Section 702 and the Collection of International Telephone and Internet Content
Programs initiated just after 9/11 involving the interception of communications to and from the United States shifted to the 2007 Protect America Act and, subsequently, the 2008 FISA Amendments Act. It was not until 2013 that the public became fully aware that the NSA interprets its authority under FISA §702 to intercept international, and at times, wholly domestic, communications. This Article is the first to question whether the NSA’s interpretations are statutorily consistent and constitutionally sound.
The Article begins with a statutory analysis, considering targeting, post-targeting analysis, and the retention and dissemination of data.
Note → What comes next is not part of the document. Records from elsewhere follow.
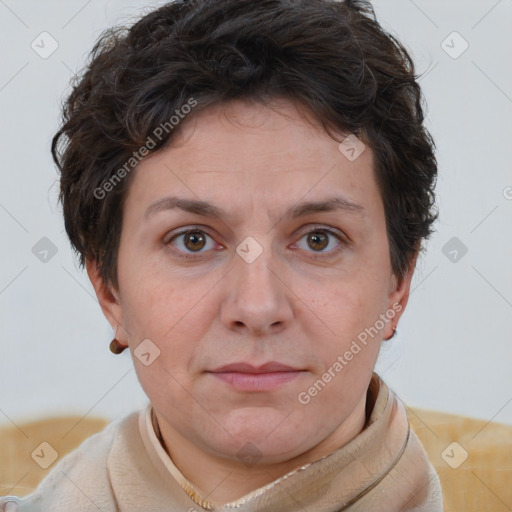 Joyful white adult female with short  brown hair and brown eyes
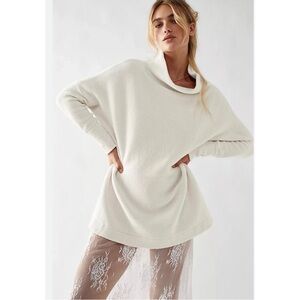 FREE PEOPLE Ottoman Slouchy Tunic Sweater White Size Large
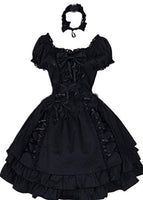 Women Girls Classic Vintage Gothic Summer Lolita Dress Bowknot Anime Party Cosplay Costume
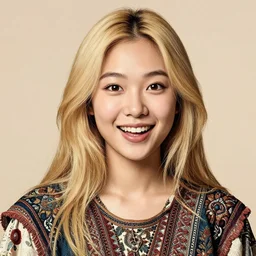 a totally amazed smiling pretty asian girl with blonde hair, fully covering intricate detailed bohemian outfit, long loose blonde hair, precise linework, accurate brown eyes, small nose, beautiful smooth oval head, expressive emotions, hyper realistic ultrafine portrait by artemisia gentileschi, jessica rossier, greg rutkowski, artgerm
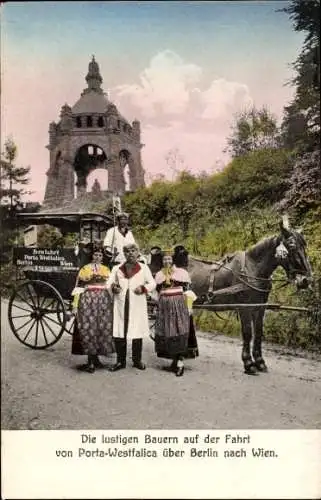 Ak Porta Westfalica in Nordrhein Westfalen, Bauern in Wesertaler Tracht, Dicker Heinrich, Kutsche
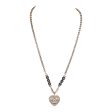 Chanel Black and Silver CC Crystal Heart Pendant Necklace Supply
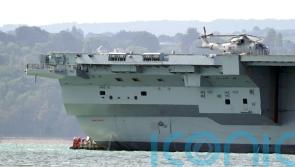 Navy aircraft carrier HMS Prince of Wales leaves Portsmouth after breakdown
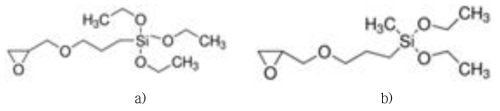a) Triethoxy(3-glycidyloxypropyl)silane [E], b) Diethoxy(3-glycidyloxypropyl)methylsilane [DE]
In the first category, targeting, the Article argues that the NSA has sidestepped legislative restrictions in three critical ways: by adopting procedures that allow analysts to acquire information to, from, or “about” targets; by creating an assumption of non-U.S. person status; and by failing to construct adequate procedures to ascertain whether the target is located within domestic bounds. These interpretations undermine Congress’s inclusion of §§703 and 704 and open the door to the collection of U.S. persons’ communications. In the second category, post-targeting analysis, the Article draws attention to the aim of the analysis, the failure of prior minimization procedures to account for multi-communication transactions, the use of U.S. person information to query data, and the impact of recombinant information on §702 collection. In the third category, the retention and dissemination of data, the Article notes that increasing public reliance on cryptography raises questions about the automatic retention of encrypted data, even as the breadth of “foreign intelligence” underscores the danger of looking to retention policies to delimit information retained. The use of the data obtained under §702 for criminal prosecution, while consistent with traditional FISA, fails to reflect the equivalent procedural protections at the collection stage. This discussion leads naturally to Fourth Amendment considerations.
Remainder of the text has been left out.